**TASK TO CARRY OUT**
Somewhere below are a line with "Andres Romero of" and a later line with "Fragment of foot". Output exactly those lines and all lines between them.

**DATA SHOWN**
============================================================
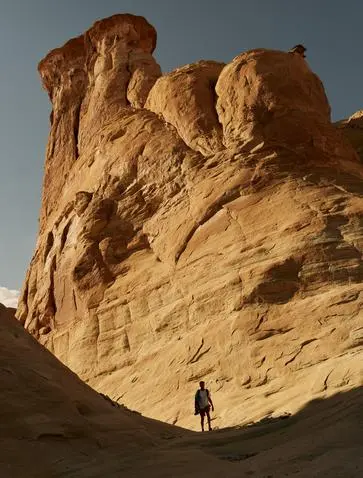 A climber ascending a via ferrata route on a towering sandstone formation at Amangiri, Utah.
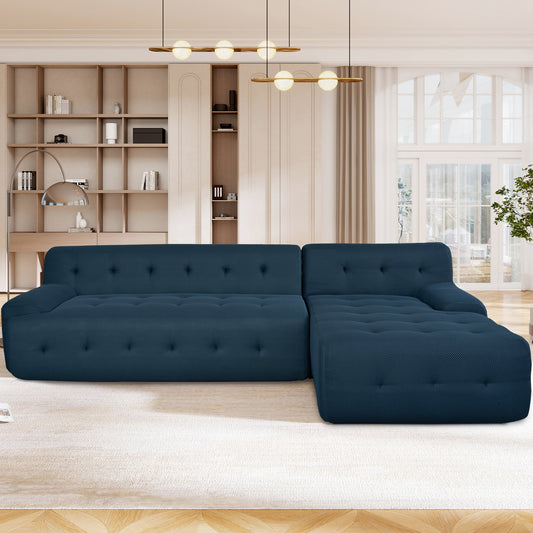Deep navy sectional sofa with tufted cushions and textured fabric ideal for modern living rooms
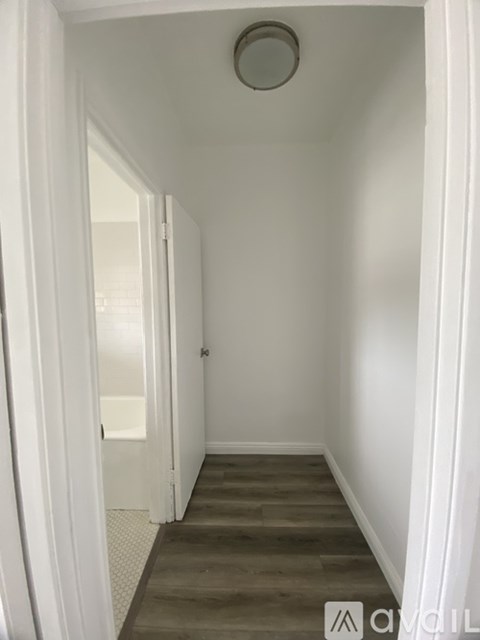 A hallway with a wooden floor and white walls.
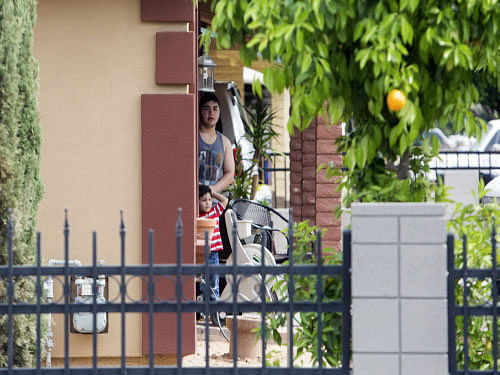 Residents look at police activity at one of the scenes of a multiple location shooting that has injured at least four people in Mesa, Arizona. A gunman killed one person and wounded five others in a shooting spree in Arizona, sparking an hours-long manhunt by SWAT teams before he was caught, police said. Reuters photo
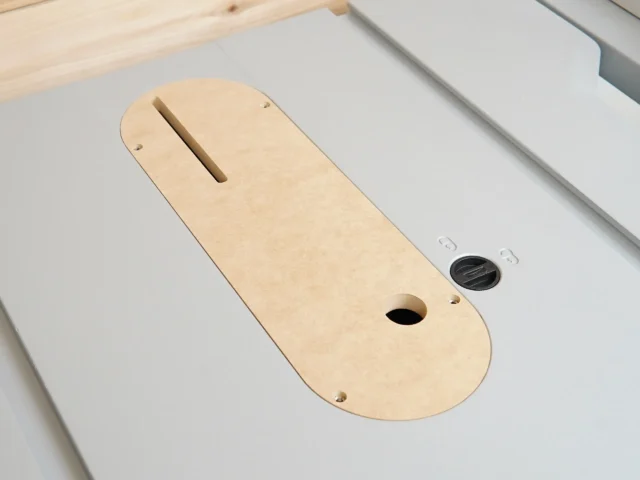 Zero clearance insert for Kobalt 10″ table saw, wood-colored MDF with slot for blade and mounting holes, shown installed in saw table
============================================================
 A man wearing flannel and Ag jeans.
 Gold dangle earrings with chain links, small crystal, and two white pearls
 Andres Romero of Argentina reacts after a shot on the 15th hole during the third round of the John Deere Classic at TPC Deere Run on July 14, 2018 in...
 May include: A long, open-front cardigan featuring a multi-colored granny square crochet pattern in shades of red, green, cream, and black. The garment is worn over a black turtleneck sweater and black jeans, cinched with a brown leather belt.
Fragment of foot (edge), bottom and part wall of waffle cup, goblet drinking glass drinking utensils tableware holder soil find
============================================================
**WRITTEN RESPONSE**
 Andres Romero of Argentina reacts after a shot on the 15th hole during the third round of the John Deere Classic at TPC Deere Run on July 14, 2018 in...
 May include: A long, open-front cardigan featuring a multi-colored granny square crochet pattern in shades of red, green, cream, and black. The garment is worn over a black turtleneck sweater and black jeans, cinched with a brown leather belt.
Fragment of foot (edge), bottom and part wall of waffle cup, goblet drinking glass drinking utensils tableware holder soil find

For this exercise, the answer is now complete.